WHAT IS REQUIRED: Reproduce the data below exactly as written. Pictures do not belong in the copy.

SUPPLIED INFORMATION:
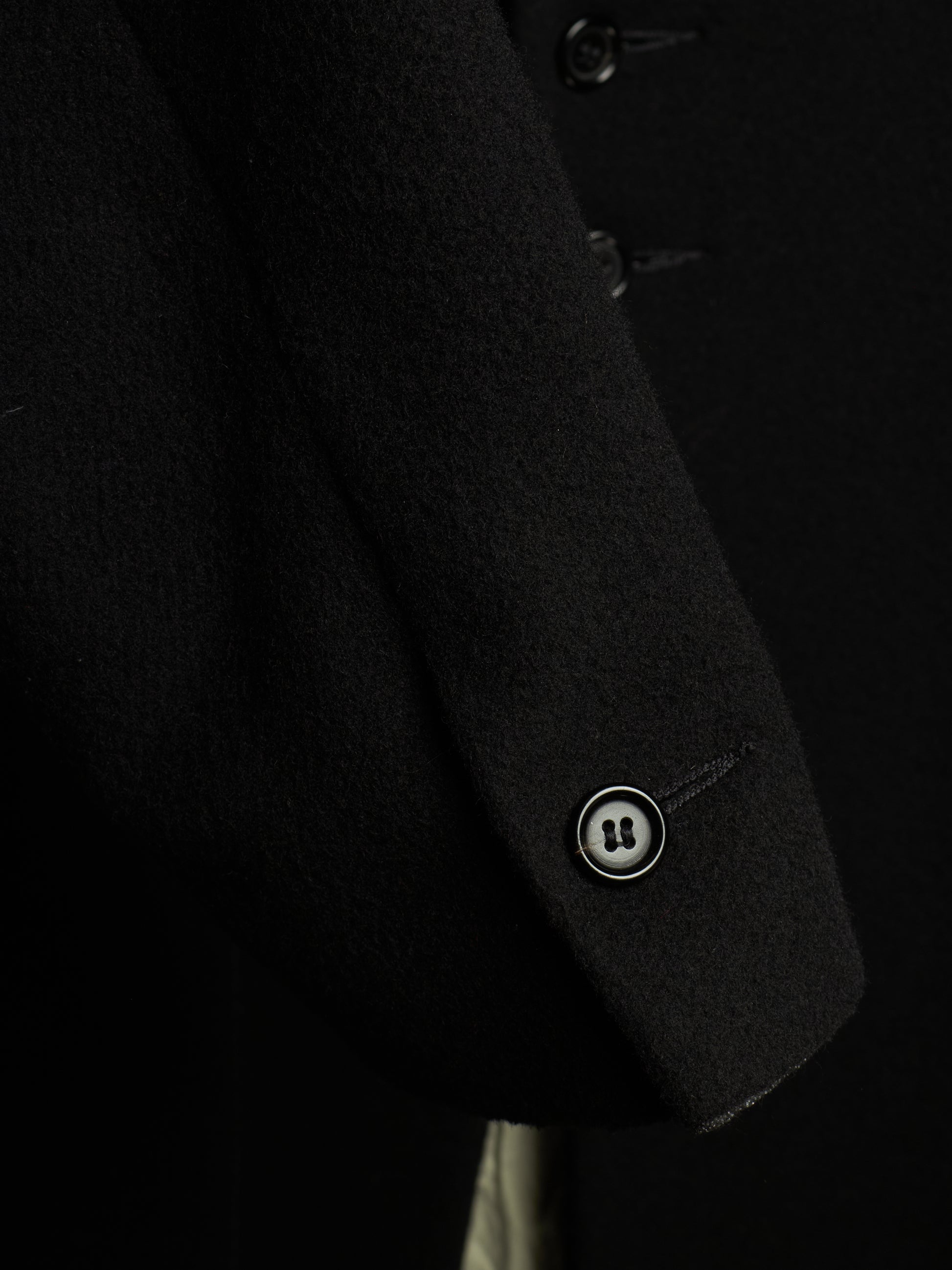 Close-up of a black wool-blend coat sleeve showing a single buttoned cuff with a silver-toned button and a small embroidered logo.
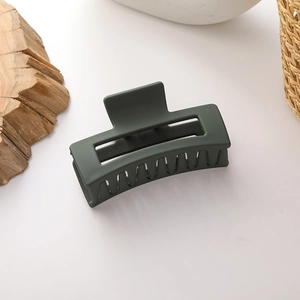Detail of dark green matte hair claw clip with rectangular cutout and spring mechanism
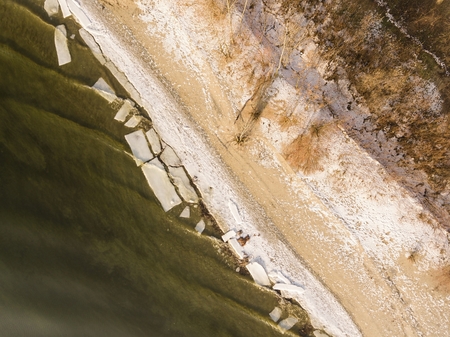 Frozen river. Riverside in winter time. Aerial view.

OUTPUT OF THE EXERCISE:
 Close-up of a black wool-blend coat sleeve showing a single buttoned cuff with a silver-toned button and a small embroidered logo.
Detail of dark green matte hair claw clip with rectangular cutout and spring mechanism
 Frozen river. Riverside in winter time. Aerial view.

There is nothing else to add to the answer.